TypeScript errors point to your source, not the compiled output.

Config watch

Changes to nanoforge.config.json are picked up automatically.

Dev tools

Inspect entities and tweak components live with the built-in visual editor.

07

Install packages

The NanoForge Registry hosts ready-to-use components, systems, and templates.
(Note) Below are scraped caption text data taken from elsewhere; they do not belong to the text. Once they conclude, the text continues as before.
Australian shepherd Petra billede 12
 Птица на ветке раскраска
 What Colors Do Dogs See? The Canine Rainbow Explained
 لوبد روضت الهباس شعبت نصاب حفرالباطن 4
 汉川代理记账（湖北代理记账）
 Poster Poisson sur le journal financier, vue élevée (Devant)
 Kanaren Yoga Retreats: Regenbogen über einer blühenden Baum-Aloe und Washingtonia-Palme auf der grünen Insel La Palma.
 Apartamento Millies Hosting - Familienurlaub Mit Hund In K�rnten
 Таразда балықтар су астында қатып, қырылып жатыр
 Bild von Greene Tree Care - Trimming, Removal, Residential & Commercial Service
Install them with nf install:

terminal
# install a community component on the client side
$ nf install base/physics-2d

# install on the server side
$ nf install --server base/physics-2d

# install as a plain library (no component/system scaffold)
$ nf install --lib @nanoforge-dev/input

Once installed, packages are imported like any TypeScript module. The CLI also generates stubs for components and systems so you can start using them immediately.

base/physics-2d
base/tilemap-loader
base/input-manager
base/ui-components
Browse all
08

Build & deploy

When you're ready to ship, build your project and start the production server:

terminal
# compile client and server
$ nf build

NanoForge Build
  Building Client...
🚀  Build succeeded!

# start the production server (serves on port 3000 by default)
$ nf start

# custom port and HTTPS
$ nf start --port 8080 --cert cert.pem --key key.pem

You can also manage deployments directly from the Project Manager — a web dashboard where you can monitor builds, manage multiple projects, and invite collaborators.

NanoForge games are served as a URL — no client install, no plugins. Your players open a link and the game runs.